In Liberty's Chain, David N. Gellman shows how the Jay family, abolitionists and slaveholders alike, embodied the contradictions of the revolutionary age. The Jays of New York were a preeminent founding family. John Jay, diplomat, Supreme Court justice, and coauthor of the Federalist Papers, and his children and grandchildren helped chart the course of the Early American Republic.
Liberty's Chain forges a new path for thinking about slavery and the nation's founding. John Jay served as the inaugural president of a pioneering antislavery society. His descendants, especially his son William Jay and his grandson John Jay II, embraced radical abolitionism in the nineteenth century, the cause most likely to rend the nation.
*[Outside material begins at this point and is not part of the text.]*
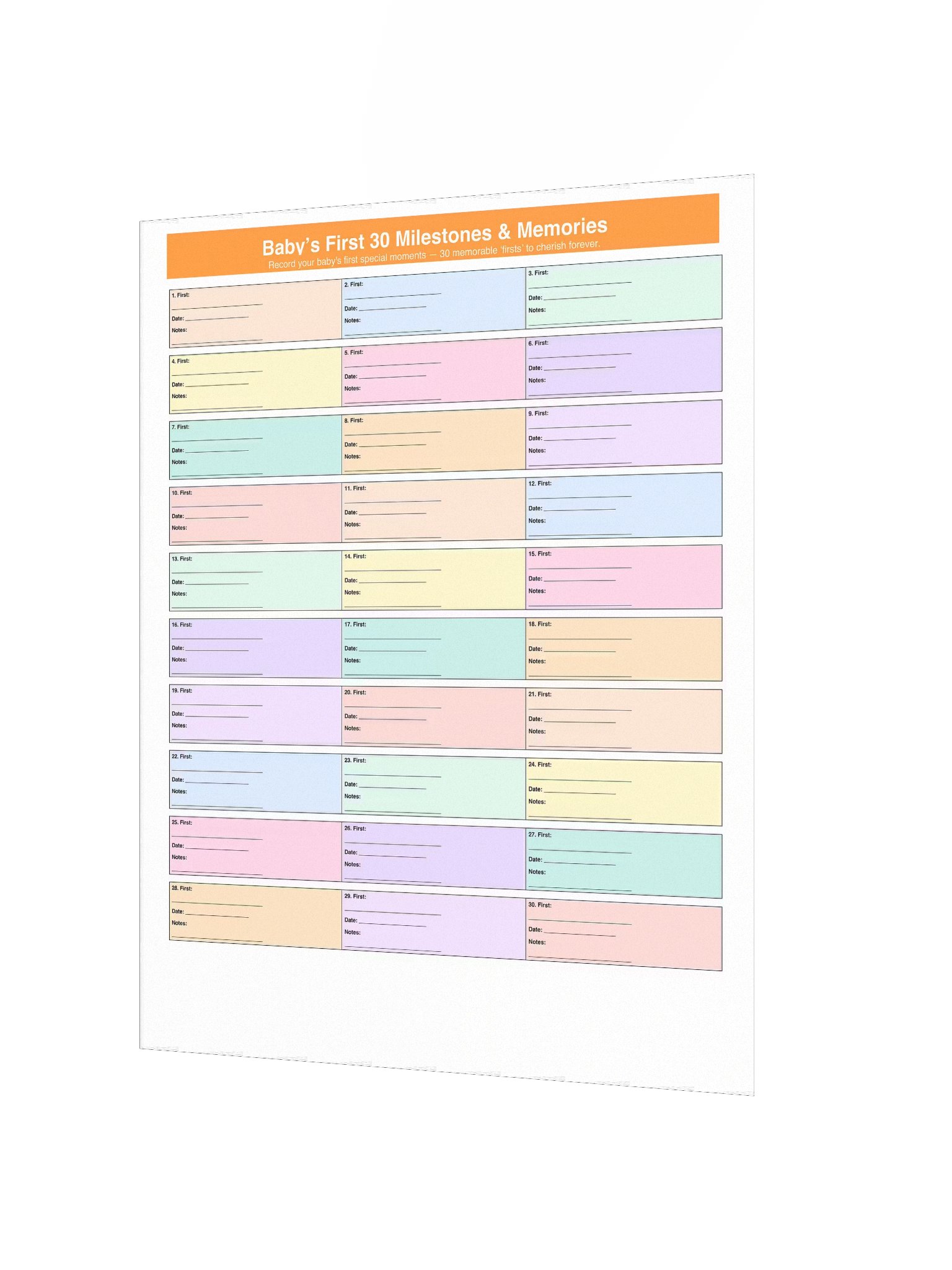 Baby's First 30 Milestones and Memories product image (3)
The scorn of their elite peers—and racist mobs—did not deter their commitment to end southern slavery and to combat northern injustice.
John Jay's personal dealings with African Americans ranged from callousness to caring. Across the generations, even as prominent Jays decried human servitude, enslaved people and formerly enslaved people served in Jay households. Abbe, Clarinda, Caesar Valentine, Zilpah Montgomery, and others lived difficult, often isolated, lives that tested their courage and the Jay family's principles.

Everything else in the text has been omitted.